The real power of the piece is that it’s difficult to determine how it’s going to end. Not in the sense that an audience is anticipating a twist ending, but that it’s a challenge to determine what genre we should place it in. For most of the film’s run-time, we’re watching what appears to be a lonely inventor creating his perfect mate: a bride for Frankenstein’s Monster, a Galatea for Pygmalion. The flowery material is a dead giveaway.

Only the frequent glances at the depleting sand in the hour glass serves as an uneasy reminder that something else might be going on, perhaps compounded by the haunting violin music (is there any instrument as eerie-sounding as a violin?), the innate creepiness of stop-motion animation, and the unnerving design of the strange and toothy rabbit-dolls.

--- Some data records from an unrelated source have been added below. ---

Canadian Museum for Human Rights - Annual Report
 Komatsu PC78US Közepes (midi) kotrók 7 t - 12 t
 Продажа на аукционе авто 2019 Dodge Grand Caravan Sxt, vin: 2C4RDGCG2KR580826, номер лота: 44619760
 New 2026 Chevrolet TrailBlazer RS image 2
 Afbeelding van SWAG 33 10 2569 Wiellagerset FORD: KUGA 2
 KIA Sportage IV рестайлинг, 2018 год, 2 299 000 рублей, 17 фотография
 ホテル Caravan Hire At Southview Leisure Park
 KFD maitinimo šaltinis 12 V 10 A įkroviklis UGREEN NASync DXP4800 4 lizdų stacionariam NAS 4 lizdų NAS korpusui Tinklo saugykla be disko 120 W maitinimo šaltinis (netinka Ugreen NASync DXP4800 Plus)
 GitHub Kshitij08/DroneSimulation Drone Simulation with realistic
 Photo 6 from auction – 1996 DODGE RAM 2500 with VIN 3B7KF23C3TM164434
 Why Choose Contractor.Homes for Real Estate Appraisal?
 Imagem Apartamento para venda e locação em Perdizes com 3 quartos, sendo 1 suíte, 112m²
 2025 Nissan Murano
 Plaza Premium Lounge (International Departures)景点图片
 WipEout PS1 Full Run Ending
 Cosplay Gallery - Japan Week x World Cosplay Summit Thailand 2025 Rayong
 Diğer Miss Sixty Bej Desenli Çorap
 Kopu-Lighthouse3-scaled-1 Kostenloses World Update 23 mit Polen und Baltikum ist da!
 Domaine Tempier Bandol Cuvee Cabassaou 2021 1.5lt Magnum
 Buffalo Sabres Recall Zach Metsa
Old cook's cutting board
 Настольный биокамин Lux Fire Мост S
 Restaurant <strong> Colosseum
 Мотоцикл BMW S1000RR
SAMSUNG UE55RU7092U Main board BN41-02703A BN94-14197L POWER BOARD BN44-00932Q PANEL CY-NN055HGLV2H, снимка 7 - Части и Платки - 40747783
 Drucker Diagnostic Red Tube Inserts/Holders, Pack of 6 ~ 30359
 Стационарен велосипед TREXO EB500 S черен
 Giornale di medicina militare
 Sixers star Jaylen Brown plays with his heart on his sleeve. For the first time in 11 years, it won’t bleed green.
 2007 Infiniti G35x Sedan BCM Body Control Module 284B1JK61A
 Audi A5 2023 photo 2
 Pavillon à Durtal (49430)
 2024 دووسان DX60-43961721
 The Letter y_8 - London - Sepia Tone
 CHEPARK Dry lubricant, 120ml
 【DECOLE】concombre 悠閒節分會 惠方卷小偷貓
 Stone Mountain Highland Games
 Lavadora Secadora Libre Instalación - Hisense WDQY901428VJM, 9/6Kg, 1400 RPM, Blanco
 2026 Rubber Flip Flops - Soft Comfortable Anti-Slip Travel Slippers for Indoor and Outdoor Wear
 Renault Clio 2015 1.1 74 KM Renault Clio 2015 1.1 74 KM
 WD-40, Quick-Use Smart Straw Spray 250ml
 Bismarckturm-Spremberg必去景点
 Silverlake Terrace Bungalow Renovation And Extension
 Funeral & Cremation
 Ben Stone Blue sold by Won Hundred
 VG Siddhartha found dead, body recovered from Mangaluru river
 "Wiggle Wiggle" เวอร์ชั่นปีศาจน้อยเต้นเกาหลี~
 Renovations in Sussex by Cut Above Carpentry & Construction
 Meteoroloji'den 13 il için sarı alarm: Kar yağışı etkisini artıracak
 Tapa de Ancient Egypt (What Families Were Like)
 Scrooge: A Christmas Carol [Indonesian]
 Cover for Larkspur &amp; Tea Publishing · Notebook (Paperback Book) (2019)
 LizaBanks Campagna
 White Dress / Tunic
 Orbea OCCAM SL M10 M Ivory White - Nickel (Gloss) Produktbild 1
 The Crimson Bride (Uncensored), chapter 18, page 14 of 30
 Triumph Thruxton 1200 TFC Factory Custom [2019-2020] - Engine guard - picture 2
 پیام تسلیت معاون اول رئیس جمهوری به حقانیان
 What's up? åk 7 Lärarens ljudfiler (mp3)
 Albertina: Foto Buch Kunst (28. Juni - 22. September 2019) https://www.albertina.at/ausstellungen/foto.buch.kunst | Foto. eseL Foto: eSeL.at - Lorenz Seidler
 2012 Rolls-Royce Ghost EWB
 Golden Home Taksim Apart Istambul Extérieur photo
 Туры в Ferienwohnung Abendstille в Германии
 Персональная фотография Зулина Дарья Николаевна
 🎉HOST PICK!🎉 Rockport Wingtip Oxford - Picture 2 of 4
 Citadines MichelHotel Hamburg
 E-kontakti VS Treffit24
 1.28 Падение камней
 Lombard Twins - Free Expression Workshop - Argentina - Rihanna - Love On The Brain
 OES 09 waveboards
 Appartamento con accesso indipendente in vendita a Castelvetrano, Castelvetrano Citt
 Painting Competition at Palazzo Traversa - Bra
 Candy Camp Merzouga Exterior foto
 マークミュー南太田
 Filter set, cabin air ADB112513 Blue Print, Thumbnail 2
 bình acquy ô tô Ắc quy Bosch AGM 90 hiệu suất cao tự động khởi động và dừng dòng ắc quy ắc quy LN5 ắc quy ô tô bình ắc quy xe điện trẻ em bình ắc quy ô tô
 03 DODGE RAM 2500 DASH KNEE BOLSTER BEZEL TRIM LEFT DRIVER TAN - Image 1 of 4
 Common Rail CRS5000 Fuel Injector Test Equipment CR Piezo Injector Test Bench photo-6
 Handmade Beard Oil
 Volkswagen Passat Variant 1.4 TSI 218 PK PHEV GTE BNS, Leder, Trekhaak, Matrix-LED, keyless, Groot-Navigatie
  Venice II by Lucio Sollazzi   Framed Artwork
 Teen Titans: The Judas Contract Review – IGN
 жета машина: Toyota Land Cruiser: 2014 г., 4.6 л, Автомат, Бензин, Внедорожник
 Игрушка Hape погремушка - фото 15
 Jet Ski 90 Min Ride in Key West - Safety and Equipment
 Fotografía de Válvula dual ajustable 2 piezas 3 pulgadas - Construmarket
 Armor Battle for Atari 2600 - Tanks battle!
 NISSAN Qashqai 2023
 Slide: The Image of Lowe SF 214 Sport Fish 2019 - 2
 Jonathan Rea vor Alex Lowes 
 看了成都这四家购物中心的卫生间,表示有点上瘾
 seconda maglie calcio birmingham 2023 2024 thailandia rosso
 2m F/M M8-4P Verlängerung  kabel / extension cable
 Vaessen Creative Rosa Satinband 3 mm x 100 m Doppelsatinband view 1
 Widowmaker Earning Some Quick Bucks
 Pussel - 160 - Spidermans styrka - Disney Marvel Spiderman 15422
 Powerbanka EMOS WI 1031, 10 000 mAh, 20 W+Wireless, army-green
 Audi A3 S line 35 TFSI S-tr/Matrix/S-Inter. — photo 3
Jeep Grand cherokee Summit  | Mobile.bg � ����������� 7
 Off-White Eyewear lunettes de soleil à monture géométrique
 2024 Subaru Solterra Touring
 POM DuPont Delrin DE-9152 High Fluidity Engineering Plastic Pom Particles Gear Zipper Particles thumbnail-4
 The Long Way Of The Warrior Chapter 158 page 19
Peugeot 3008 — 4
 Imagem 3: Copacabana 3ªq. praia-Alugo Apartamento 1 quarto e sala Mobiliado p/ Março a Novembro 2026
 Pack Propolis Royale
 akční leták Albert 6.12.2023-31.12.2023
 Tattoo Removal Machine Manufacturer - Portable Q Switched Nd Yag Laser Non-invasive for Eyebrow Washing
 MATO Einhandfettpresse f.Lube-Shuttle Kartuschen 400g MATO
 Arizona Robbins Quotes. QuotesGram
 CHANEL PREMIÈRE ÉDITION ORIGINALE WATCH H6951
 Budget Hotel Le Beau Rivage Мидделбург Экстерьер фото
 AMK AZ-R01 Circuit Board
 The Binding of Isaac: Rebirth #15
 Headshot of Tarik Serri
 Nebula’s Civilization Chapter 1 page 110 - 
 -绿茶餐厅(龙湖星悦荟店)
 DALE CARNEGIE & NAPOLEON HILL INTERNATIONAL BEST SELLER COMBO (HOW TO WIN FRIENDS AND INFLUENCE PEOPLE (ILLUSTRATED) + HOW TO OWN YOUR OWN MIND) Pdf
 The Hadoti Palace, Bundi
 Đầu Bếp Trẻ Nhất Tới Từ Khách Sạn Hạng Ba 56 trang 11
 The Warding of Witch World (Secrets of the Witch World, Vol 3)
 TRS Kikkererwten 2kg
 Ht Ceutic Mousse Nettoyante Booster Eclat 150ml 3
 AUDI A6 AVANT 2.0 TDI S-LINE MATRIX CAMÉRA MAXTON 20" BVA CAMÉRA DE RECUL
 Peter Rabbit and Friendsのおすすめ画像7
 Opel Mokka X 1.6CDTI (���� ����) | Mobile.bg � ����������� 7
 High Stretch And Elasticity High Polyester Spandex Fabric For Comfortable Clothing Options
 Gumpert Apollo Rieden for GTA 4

It all gives us the sense that something is a little off here.

It is not until the film’s final seconds that we realize the truth of the situation: the new arrival is not a wife, but a daughter. The maker bids his creation farewell and leaves her to her own devices. Time is reset and the cycle begins anew.

On second viewing it’s even more unsettling. In those first few introductory seconds where we see our protagonist taking in the workbench and surrounding paraphernalia, we are unaware of what happened only seconds before: of what will happen again once the girl’s musical composition comes to a close. The alarm and bewilderment reflected in each pair of eyes, upon what is otherwise a completely blank face, is much more apparent the second time around.

Some commentators have already bemoaned what they regard as this film's depiction of the futility of life: we live, we fill the time with worldly pursuits, we pass on what we can to those who follow, and we die without any further meaning being derived from the situation.

More unsettling to me was the wealth of unanswered questions that the experience leaves in its wake. Who wrote the book in the first place? Who composed the music? Where do those raw materials come from? Why do we follow such a pattern without questioning the whys and wherefores?

Obviously no one can answer these things, but the film is not entirely devoid of hope.

Between the beginning and end of its existence, in those few precious seconds that are not devoted to the wellbeing of its off-spring, our protagonist experiences passion and power in the playing of his violin. It’s that which gives life, not the repetitive nature of the life cycle.

And before he goes, he gets to share a hug and a smile with his daughter. That will have to be enough, because that’s all we’ve got.